Section 1.4 Requisite Approval . Each of the Seller and the Seller Shareholder acknowledges that in addition to any approvals required under applicable Laws or the Buyer’s constitutional documents, any amendment, consent, approval or waiver made, granted, or agreed to by the Buyer under any Transaction Document or otherwise in connection with the Transaction and any other action of the Buyer expressly provided herein to require the Requisite Approval shall be subject to the Requisite Approval, and that any such amendment, consent, approval or waiver made, granted or agreed to by the Buyer or such other action of the Buyer without such Requisite Approval shall be null and void for all purposes of this Agreement.
Article II
Purchase and Sale of the Target Interests
Section 2.1 Agreement to Purchase and Sell. Subject to the terms and conditions of this Agreement, at the Closing, the Seller shall sell and deliver to the Buyer (or any applicable Buyer Designee), and the Buyer (or any applicable Buyer Designee) shall purchase and acquire from the Seller, all of the Seller’s right, title and interest in and to the Target Interests, free and clear of all Encumbrances.
Section 2.2 Purchase Price and Settlement of Seller Shareholder Receivable.

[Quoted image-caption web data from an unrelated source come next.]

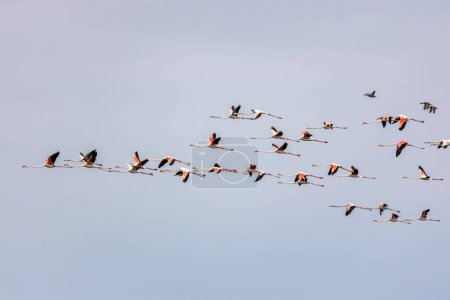 Téléchargez les photos : Un troupeau de cigognes volant au-dessus d'un ciel clair et ensoleillé - en image libre de droit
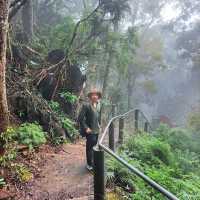 อุทยานธรรมเขานาในหลวง   จ.สุราษฎร์ธานี
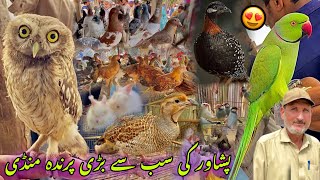 Birds Largest Market In Peshawar New Updates 2024 | Pigeon Price | Khyber Social Tv Official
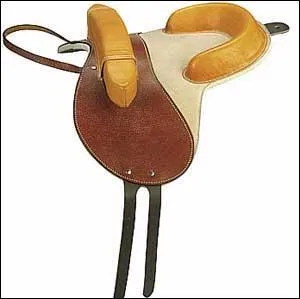 Quelle est cette selle ?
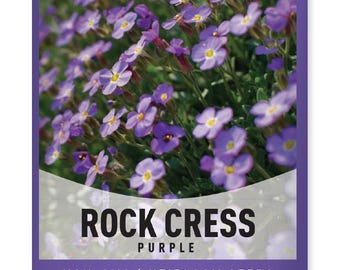 May include: Purple Rock Cress flower seeds. Non-GMO heirloom seeds. Gardeners Basics logo.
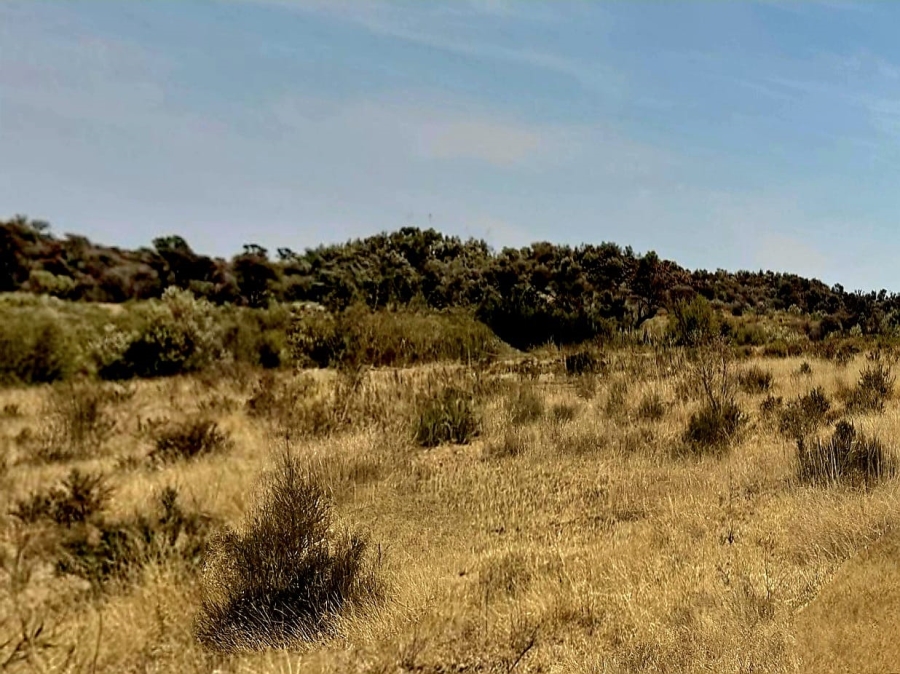 Commercial Property for Sale in Kimberley Rural Northern Cape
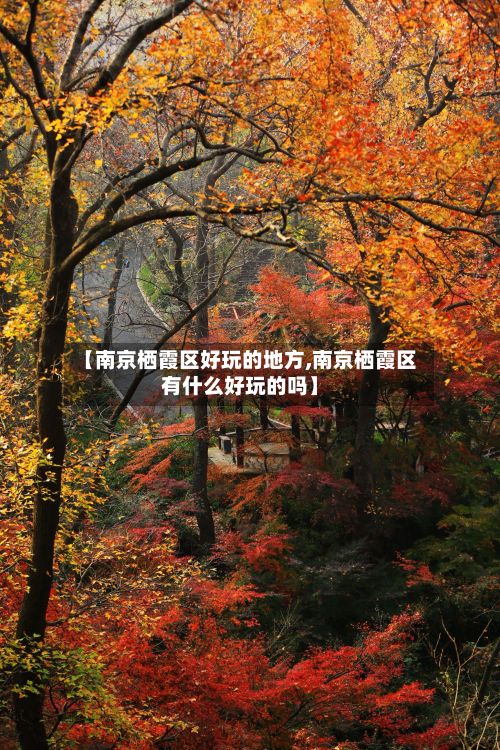 【南京栖霞区好玩的地方,南京栖霞区有什么好玩的吗】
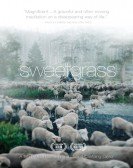 poster_sweetgrass_tt1517252.jpg Free Download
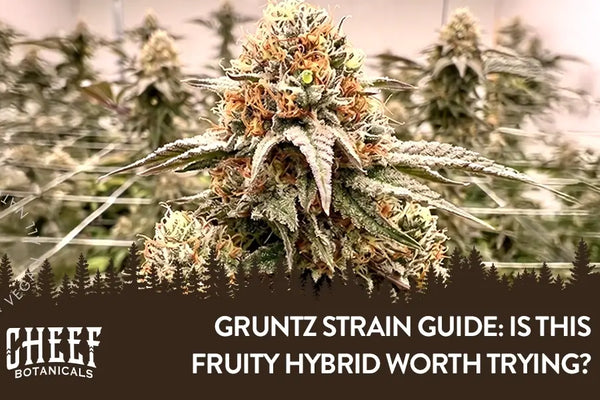 Gruntz Strain Guide: Is This Fruity Hybrid Worth Trying?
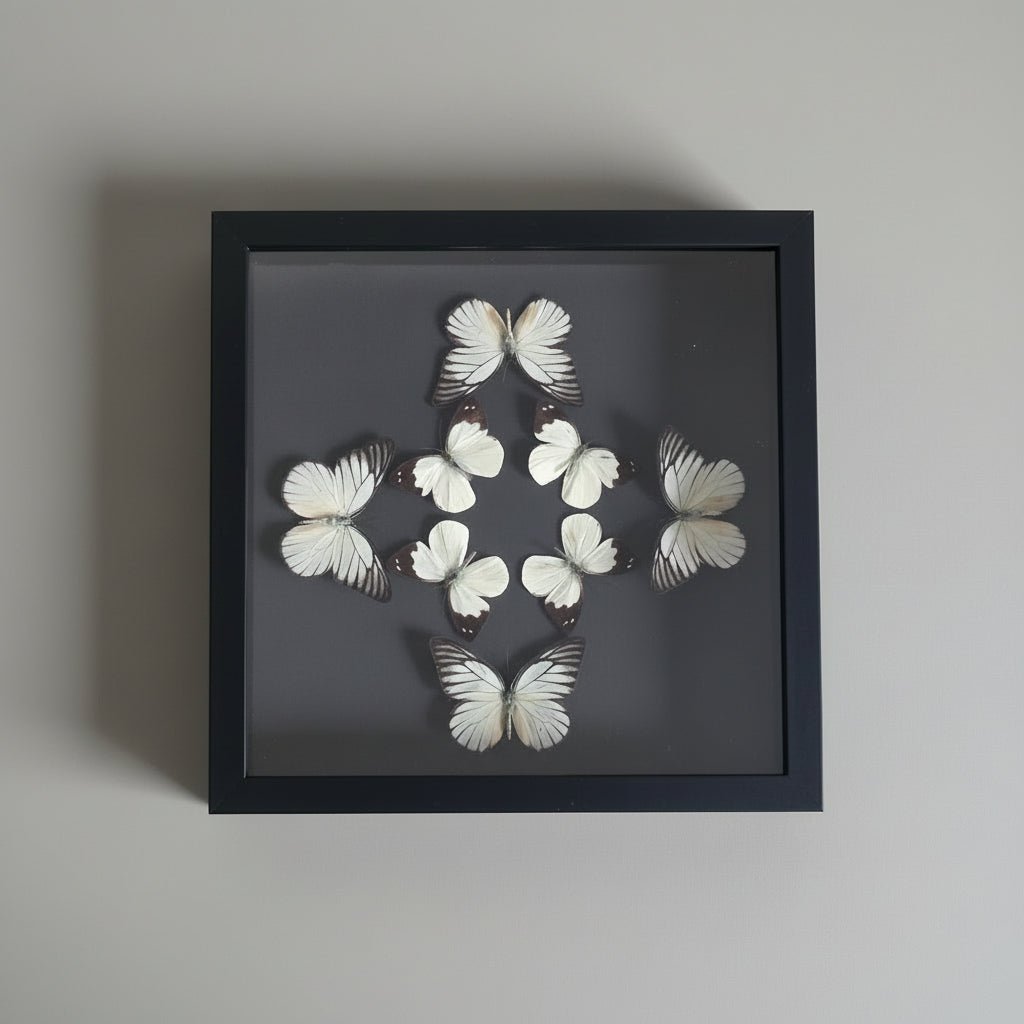 Acht vlinders in kader: Prioneris philonome en Apias indra - Opgezette Werelden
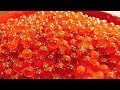 大粒の筋子でいくらの醤油漬けを作ったらビックリするほど旨かった!! Salmon Roe Pickled in Soy Sauce 酱油腌三文鱼鱼籽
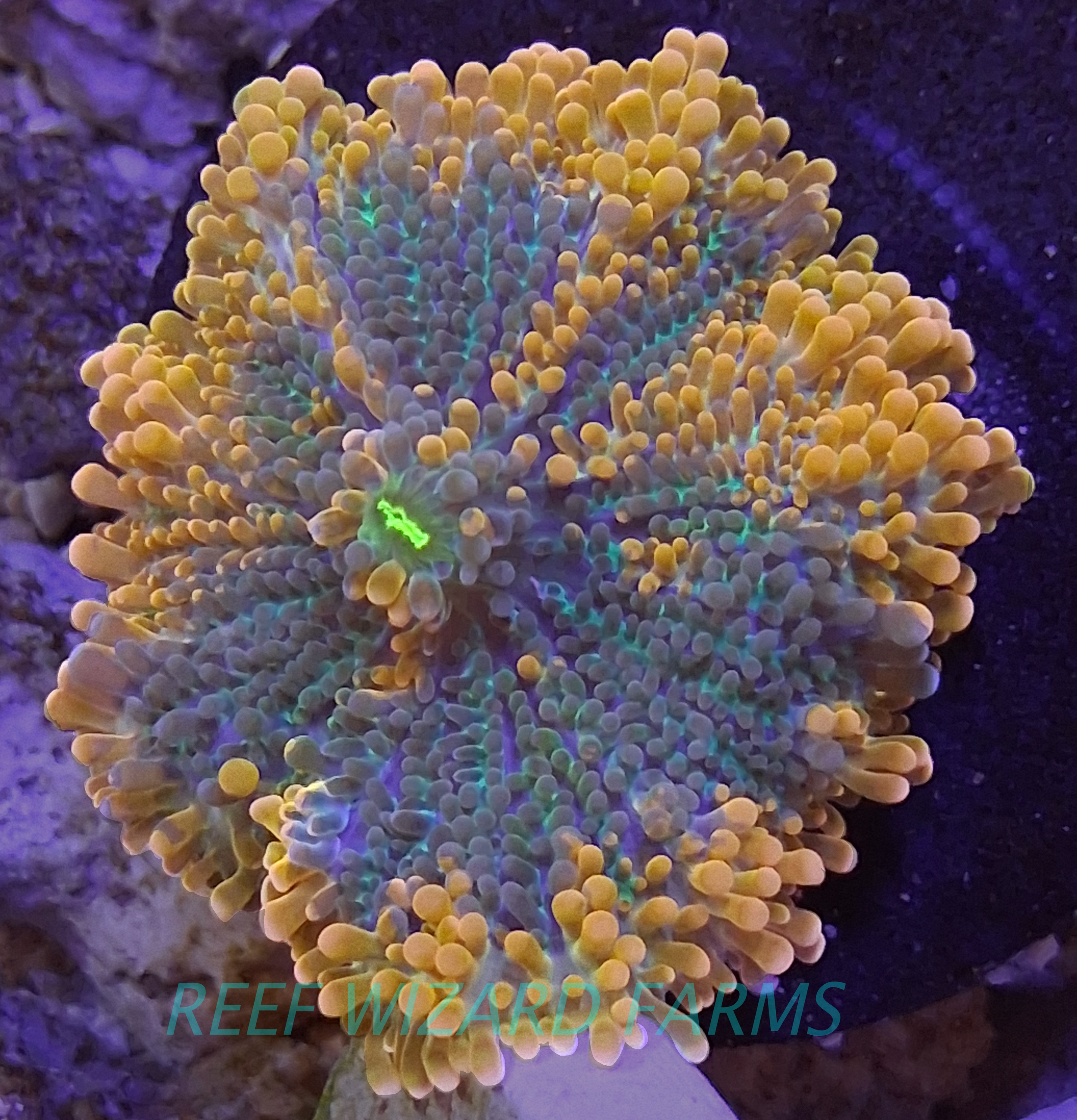 WYSIWYG - "Ember" Orange Tidal Blue Ultra Ricordea Yuma Mushroom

(a) The purchase price in respect of the Target Interests is the USD equivalent of RMB399,800,000 (the “Purchase Price”), among which (i) an amount equal to the Cayman Seller Payable shall be offset against the Cayman Seller Payable in full, as if the Seller had assigned the right to receive a portion of the Purchase Price equal to the amount of the Cayman Seller Payable to the Cayman Seller, the Buyer had paid to the Cayman Seller an amount in cash equal to the Cayman Seller Payable in partial satisfaction of its obligation to pay the Purchase Price, and the Cayman Seller had, immediately upon receipt, paid an equal amount of cash to the Buyer in satisfaction of Cayman Seller’s obligation to repay the Cayman Seller Payable to the Buyer, (ii) an amount equal to the USD equivalent of RMB60,158,332 (the “Deferred Purchase Price”) will be paid by way of being included in the principal amount of the Promissory Note as provided in Section 2.2(b), and (iii) the remaining amount of the Purchase Price (being the USD equivalent of RMB595,087) (the “Closing Payment”) shall be paid, or caused to be paid, by the Buyer to the Seller at Closing by wire transfer of immediately available funds to a bank account located outside of the PRC held under the name of the Seller Shareholder or any of its Subsidiaries (as notified by the Seller Shareholder to the Buyer in writing no later than five (5) Business Days prior to Closing) (the “Seller Bank Account”).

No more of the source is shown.